Mark Kessler of Kessler Funeral Homes in Audubon was board president for the Iowa Funeral Directors Association in 1997 and 1998. In 2007, two of his former employees, Traci Smith and Marilyn Eddy, alleged that Kessler routinely called one of the women insulting names, appeared at her home while drunk, made inappropriate comments of a sexual nature and drank excessive amounts of beer while working.
The Iowa Board of Mortuary Science also is investigating another funeral home director who allegedly would not release the cremated remains of an individual because of a billing dispute with the deceased’s family, and a third person who embezzled $179,420 from his employer, then started a competing funeral home.
Kessler would sometimes emerge from the shower at the funeral home and walk through the office wearing only shorts or pajama bottoms, the former employees said in their complaint. On some occasions, Kessler allegedly flung his wet washcloth or towel at Smith.
Smith and Eddy also alleged that Kessler would comment on how he could kill his estranged wife and get away with it. He also allegedly twice sent Smith to estate sales to shop for guns.
State records indicate Smith first complained of Kessler’s actions in 2006 while she worked as an intern. She relayed her concerns to Ruth Ohde, who was then a member of the Board of Mortuary Science, which oversees Iowa’s funeral directors. Ohde told Smith she would have to file a formal complaint against Kessler before the board could act.
In June 2007, almost a year after she quit her job, Smith filed a complaint with the board. In response, Kessler told the board he never considered killing his wife, but he acknowledged sending Smith to look at guns.
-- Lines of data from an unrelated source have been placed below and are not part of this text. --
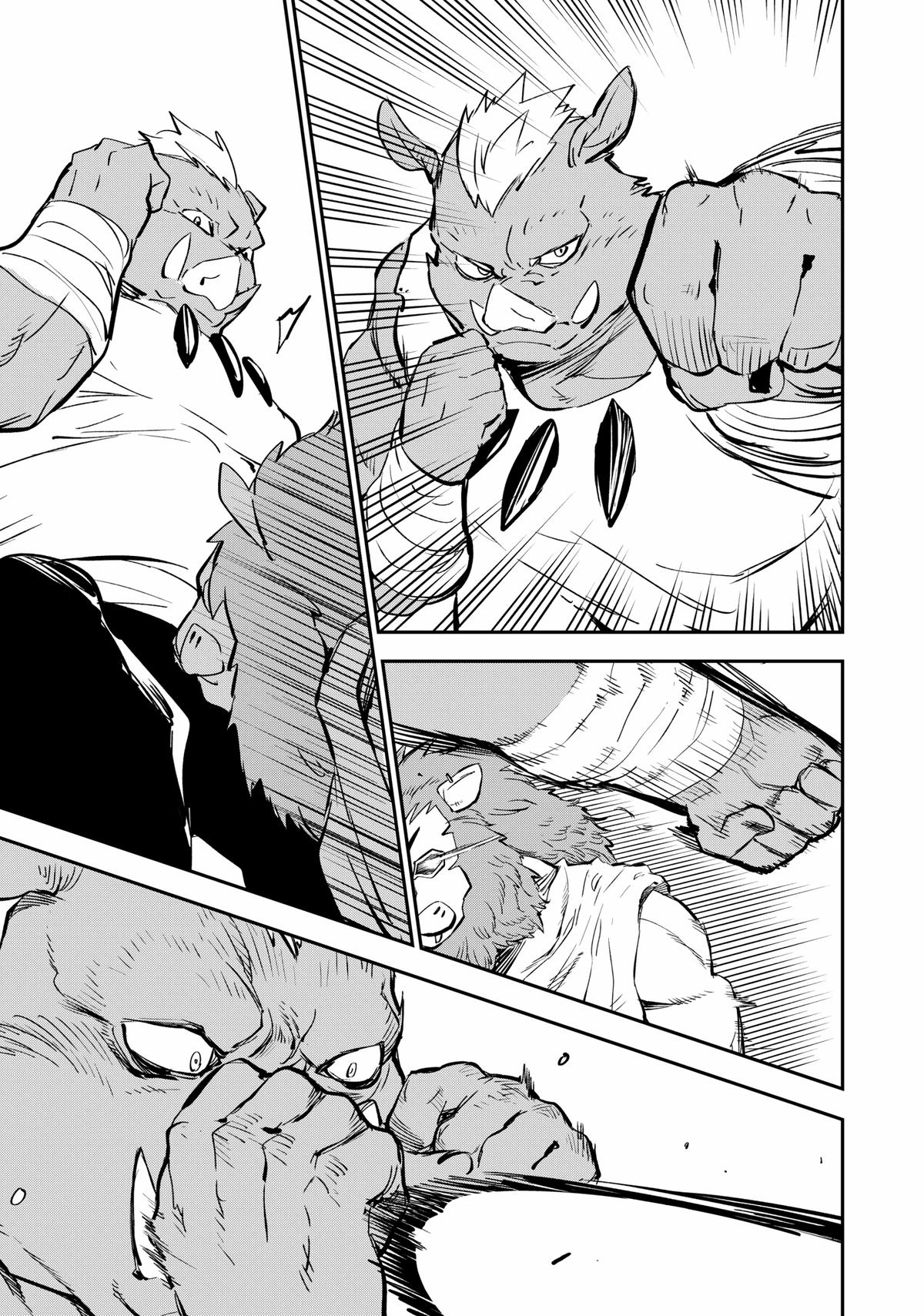 That Time I Got Reincarnated as a Slime Chapter 112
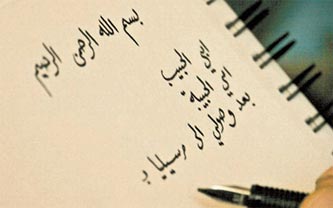 Entre ici et là-bas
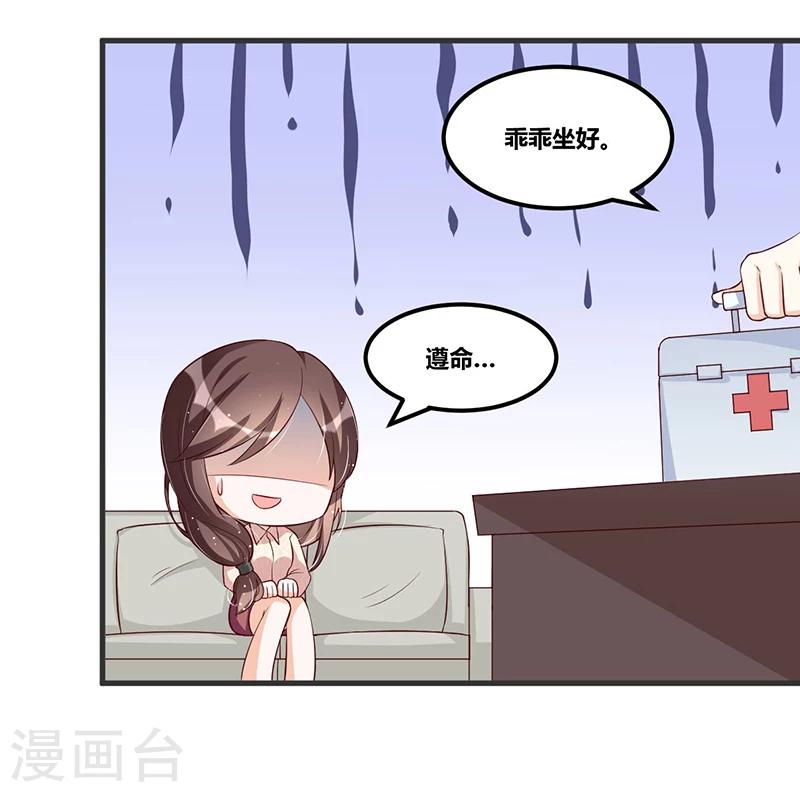 《总裁一吻好羞羞》第114话 疗伤 第20页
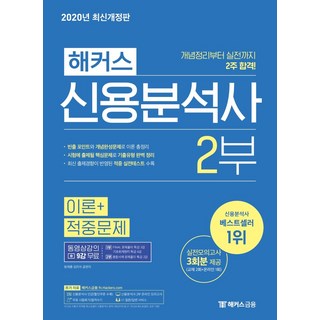 해커스 신용분석사 2부 이론+적중문제:개념정리부터 실전까지 2주 합격ㅣ실전모의고사 3회분 제공, 해커스금융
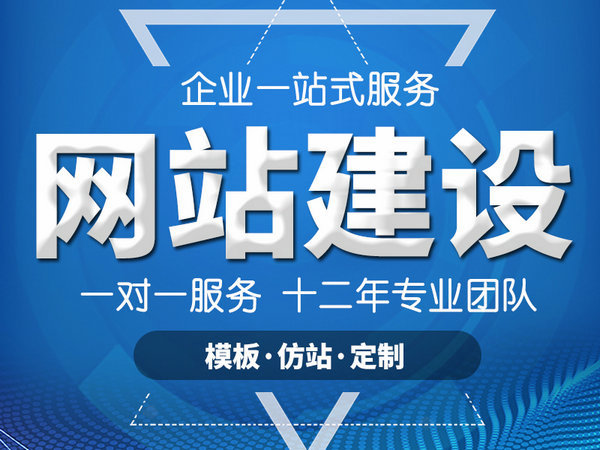 光澤網(wǎng)站建設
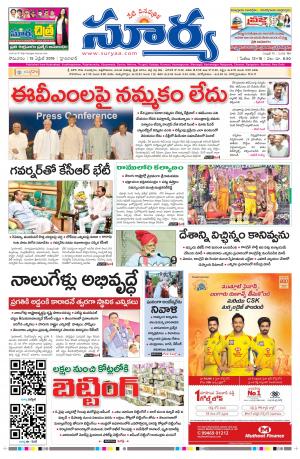 Monday 15 April,2019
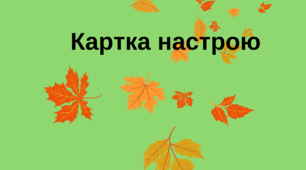 Картка настрою
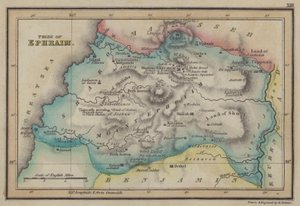 Stamm Ephraim von English School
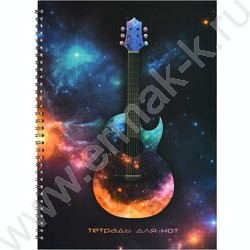 Тетрадь для нот 32л А4 /спираль/  "Космическая гитара" NEW | Фото 1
He admitted drinking from kegs of beer that he kept in the funeral home, but said he never had more than one or two beers while on call.
Kessler told The Des Moines Register that Smith filed her complaint with the board only after the state refused to act on her claims of illegal business practices.
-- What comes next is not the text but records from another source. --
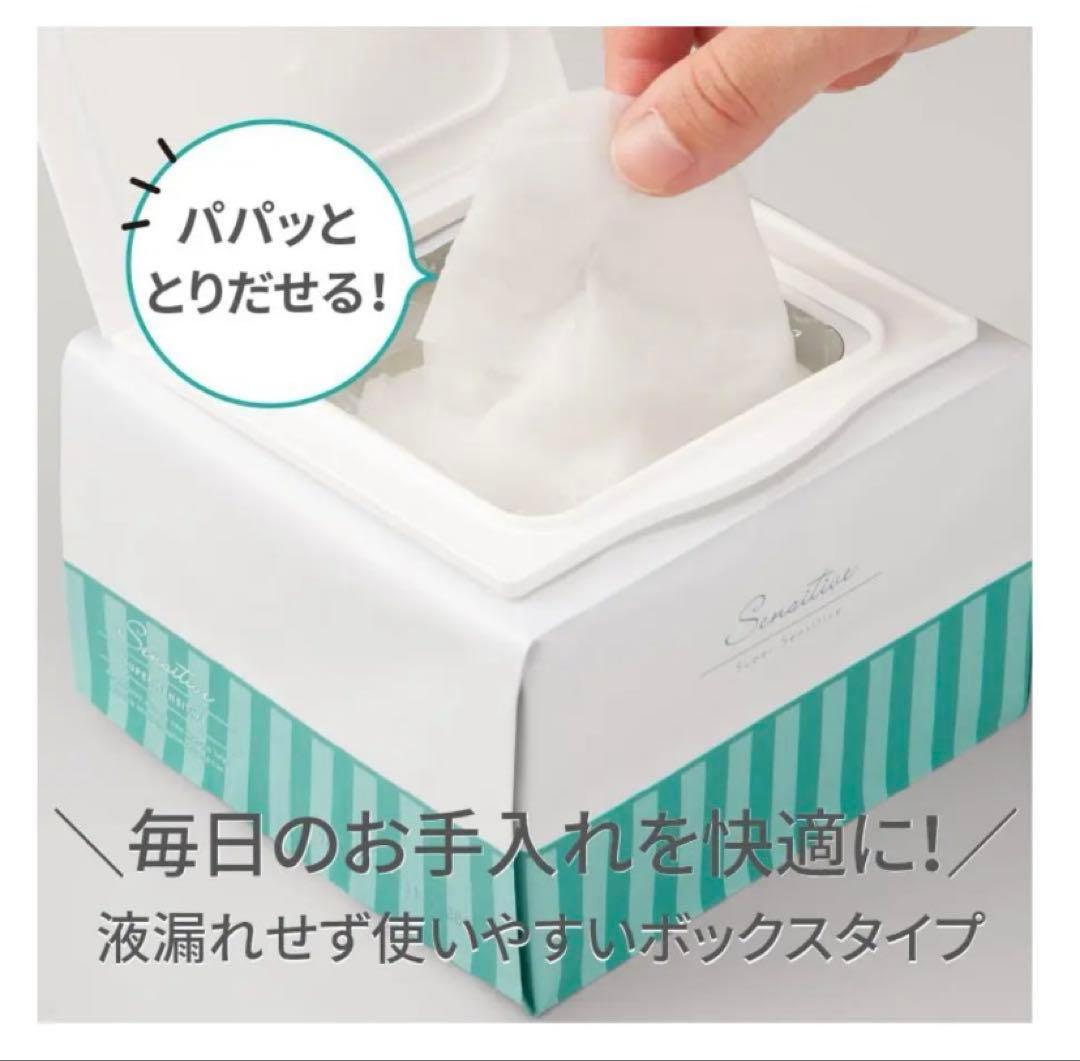 クオリティファーストオールインワンシートマスクセンシティブ4個セット【最終値下】
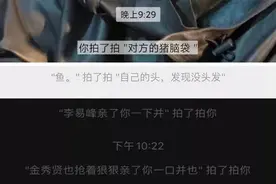 “拍一拍”被玩坏？！来，围观浦东街镇“互拍”！图片
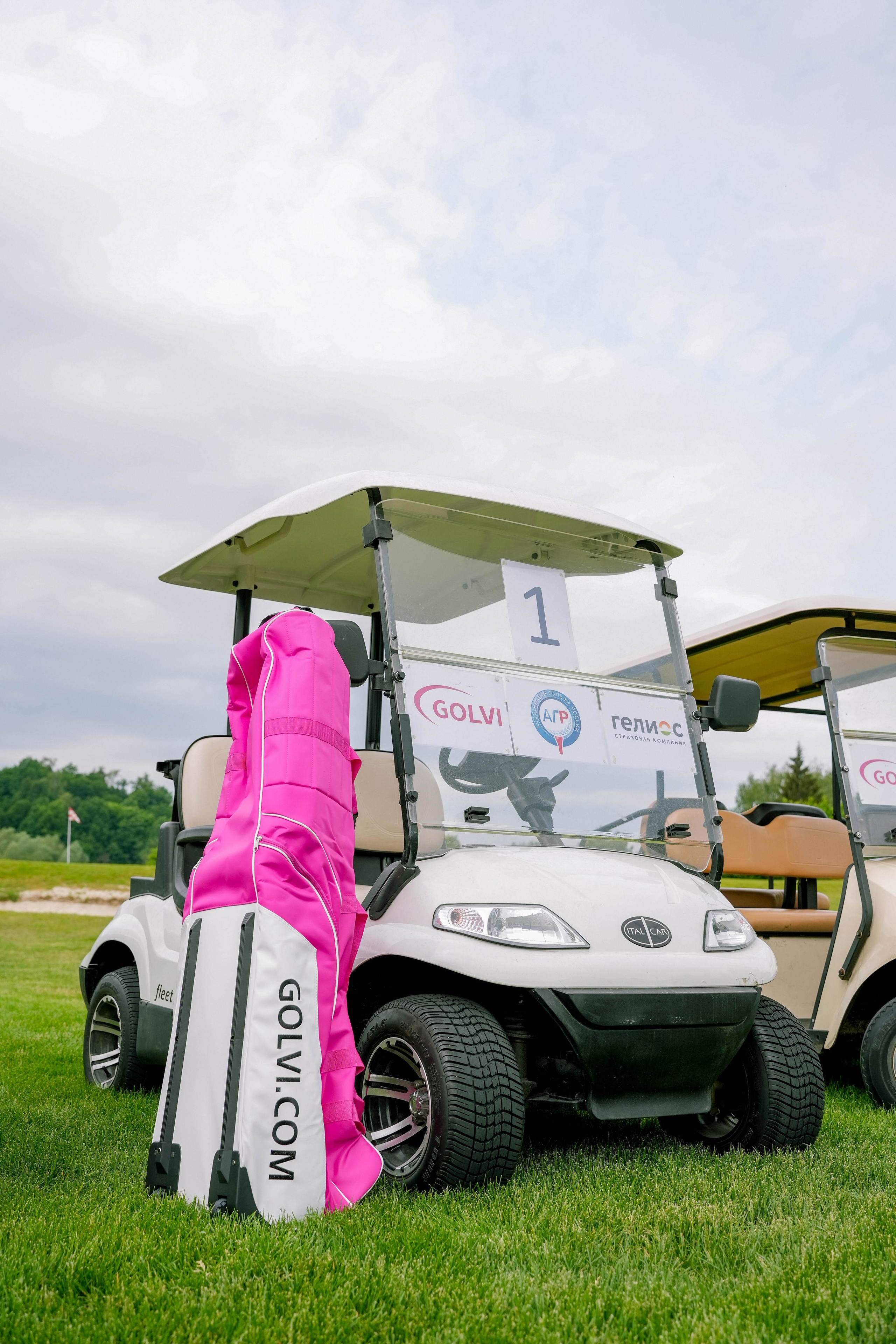 RGA Kids. Andrew firioubine • iamfirioubine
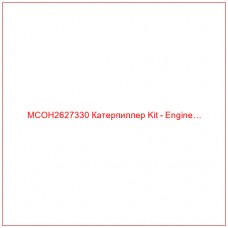 MCOH2627330 Катерпиллер Kit - Engine…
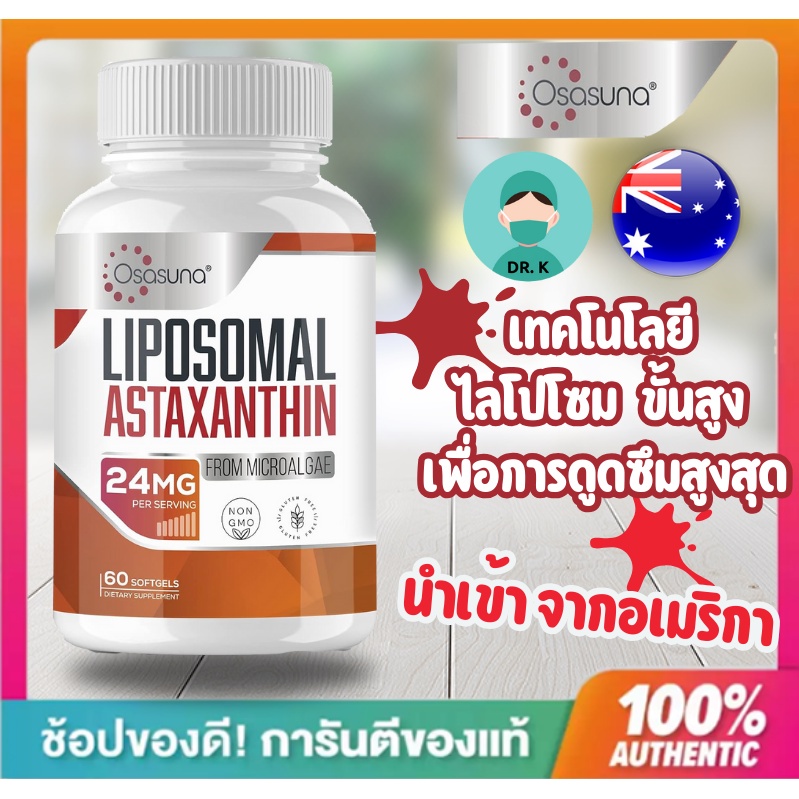 **พร้อมส่ง** Osasuna Liposomal Astaxanthin 24 MG Supplements, 60 Softgels ของแท้100%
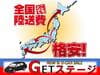 //image-cdn.beforward.jp/small/202212/4408295/BM926997_414e8a.jpg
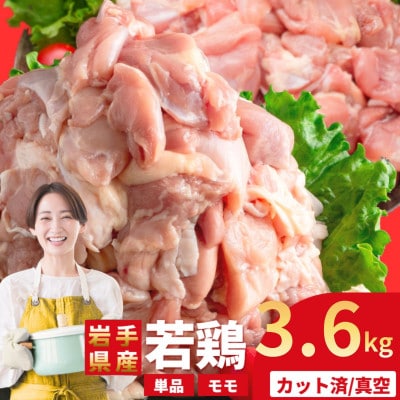 岩手県産 若鶏 もも 計3.6kg(300g×12パック)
“Most of her story is a fabrication,” he said. “It’s simple to do when you have the law in front of you, all of the rules and regulations. Because basically what she did was go down the line and fabricated stories to match that.”
The mortuary science board has fined Kessler $1,000, placed his license on probation for one year and barred him from supervising interns at the home. The board is also requiring that Kessler pay $405 in hearing expenses and develop a plan for remedial continuing education.
Kessler said he is appealing the board’s decision.
Other Iowa funeral directors to recently face action from the mortuary science board include:
– Raymond Bertrand of Bybee-Davis Funeral Home in Knoxville, who is accused of unethical acts that are harmful to the public. A hearing before the board is scheduled for Dec. 10. Bertrand is accused of refusing to turn over the cremated remains of a person who died in 2007 because of a billing dispute with the deceased’s family. The dispute is allegedly related to Bertrand’s failure to secure a written contract with the family.
Bertrand said Monday that the allegations come from an extended member of the deceased’s family, and he expects the deceased’s mother to help explain the situation at the Dec. 10 hearing.
“There are outright untruths in the statements made against me,” he said.
– Mark Rohde of Rohde Funeral Home in Kingsley, who is barred from working in an Iowa funeral home. Rohde worked for Mauer-Johnson Funeral Home in Le Mars when he embezzled $179,420 from the owners. After being convicted of theft and placed on probation, Rohde began working for a competing home that was set up by his in-laws and was operating under his name.
District Judge Stephen J. Andreasen recently upheld the board’s decision to revoke Rohde’s license and prohibit him from working in a funeral home.
“Rohde’s presence, in any capacity, in a funeral establishment may present a danger to the public interest,” Andreasen ruled.